Especially from the Republican side.
1) If you believe, as the Catholic church does and most conservatives do, that abortion is murder, then it is irrelevant whether a woman becomes pregnant through rape or through consensual sex. At the moment of conception, there is a human being with human rights attached to it. It really doesn’t matter if someone was raped. Making an exception for rape makes no sense, and in fact undermines the current right-wing anti-abortion position. For Republicans to proclaim that they are shocked, shocked by Akin shows that they lack the courage of their convictions.
2) Akin might have had a better argument if, in response to the reporter’s question, he responded something like this: “Look, rape is horrific crime. It’s a terrible tragedy for a woman if she is raped and then conceives. But that doesn’t excuse killing the child.” The only problem with that is that a reporter might have followed up: “well, then what do you expect that the government should do for the rape victim?” The answer for most Republicans would be, “nothing.” Stuff happens in life, and this is one of those things that happens. Deal with it. That’s essentially was the answer of the audience during the Republican debates when Wolf Blitzer asked what we should do with someone who doesn’t have health insurance and then gets in an accident or discovers that they have a terrible illness.
And that leads to the seam in modern Republican “thinking,” if it can be called that. If you think that the government has a responsibility to help the rape victim, why not the victims of other terrible accidents or illnesses? Why does the rape victim “deserve” help but the muscular dystrophy victim not deserve it?

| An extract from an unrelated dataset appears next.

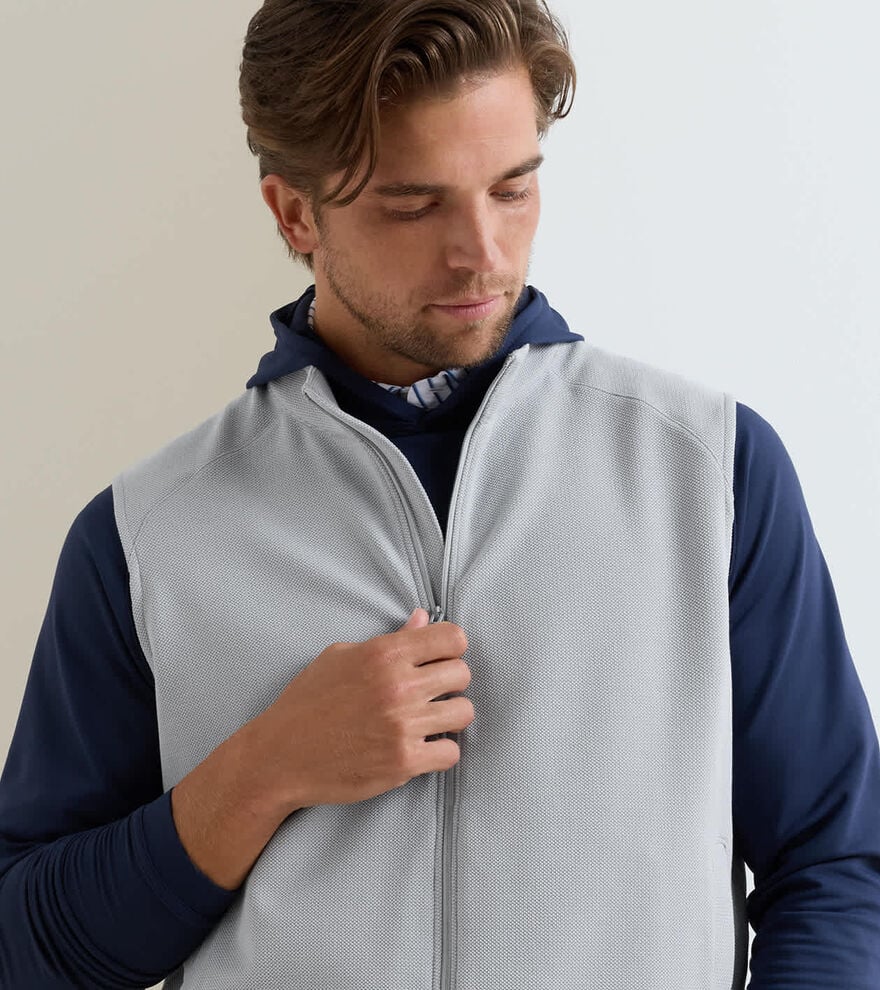 Cradle Piqué Performance Full-Zip Vest BRITISH GREY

So Akin tried to get out of the question, using the right-wing justification that as Mark points out has been there for a while in fever pits of Conservative America: if you get pregnant, then you must not have been raped. See? Everything works out okay! Everyone is totally and completely responsible for their own condition. There is no such thing as luck or the chains of circumstance. The safety net, as St. Paul Ryan explained, is really just a hammock.
Do Republicans actually believe this? I don’t know. But their leaders seem to. And they don’t want anyone to talk about situations when people’s lives are brutalized through no fault of their own. The more that anyone does do this, it shows how ridiculous official Republican ideology is.
No wonder they want Akin out of the race.